-- Records provided follows --

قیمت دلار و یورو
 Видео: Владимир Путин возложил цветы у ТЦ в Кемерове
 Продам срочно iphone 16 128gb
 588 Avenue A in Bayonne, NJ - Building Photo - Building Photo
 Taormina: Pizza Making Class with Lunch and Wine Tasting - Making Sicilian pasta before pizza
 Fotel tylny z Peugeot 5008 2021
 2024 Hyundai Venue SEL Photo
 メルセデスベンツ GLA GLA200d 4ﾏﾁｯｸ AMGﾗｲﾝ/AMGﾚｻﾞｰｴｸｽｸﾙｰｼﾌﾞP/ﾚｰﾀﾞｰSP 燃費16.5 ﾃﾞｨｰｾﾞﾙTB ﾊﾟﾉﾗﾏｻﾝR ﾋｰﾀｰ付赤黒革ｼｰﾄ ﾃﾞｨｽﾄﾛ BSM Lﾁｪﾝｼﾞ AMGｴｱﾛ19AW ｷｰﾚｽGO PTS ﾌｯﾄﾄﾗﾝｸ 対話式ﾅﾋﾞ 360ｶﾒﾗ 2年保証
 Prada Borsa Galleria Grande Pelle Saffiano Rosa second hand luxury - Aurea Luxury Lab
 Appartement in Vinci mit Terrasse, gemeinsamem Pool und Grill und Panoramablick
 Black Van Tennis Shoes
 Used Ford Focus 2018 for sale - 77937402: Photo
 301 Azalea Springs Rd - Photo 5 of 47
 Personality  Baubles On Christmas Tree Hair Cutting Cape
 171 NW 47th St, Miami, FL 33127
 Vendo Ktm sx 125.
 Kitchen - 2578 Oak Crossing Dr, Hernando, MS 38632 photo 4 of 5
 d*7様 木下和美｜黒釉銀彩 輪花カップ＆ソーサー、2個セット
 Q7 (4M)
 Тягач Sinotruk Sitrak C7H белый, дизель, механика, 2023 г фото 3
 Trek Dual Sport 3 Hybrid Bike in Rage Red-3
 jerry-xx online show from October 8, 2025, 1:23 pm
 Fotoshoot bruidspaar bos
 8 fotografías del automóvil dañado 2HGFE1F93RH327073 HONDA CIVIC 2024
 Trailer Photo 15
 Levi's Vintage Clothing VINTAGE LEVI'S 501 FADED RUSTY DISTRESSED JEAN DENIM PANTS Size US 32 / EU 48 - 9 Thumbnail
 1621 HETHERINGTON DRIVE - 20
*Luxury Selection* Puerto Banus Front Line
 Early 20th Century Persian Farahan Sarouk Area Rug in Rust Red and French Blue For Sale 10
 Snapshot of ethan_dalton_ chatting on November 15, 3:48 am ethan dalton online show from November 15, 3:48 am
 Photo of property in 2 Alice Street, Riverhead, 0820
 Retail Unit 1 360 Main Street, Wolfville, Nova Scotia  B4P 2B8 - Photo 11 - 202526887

-- Records provided concluded --

Directions => The lines above that hold the string "Street" are to be located and copied.

Your solution =>
 Photo of property in 2 Alice Street, Riverhead, 0820
 Retail Unit 1 360 Main Street, Wolfville, Nova Scotia  B4P 2B8 - Photo 11 - 202526887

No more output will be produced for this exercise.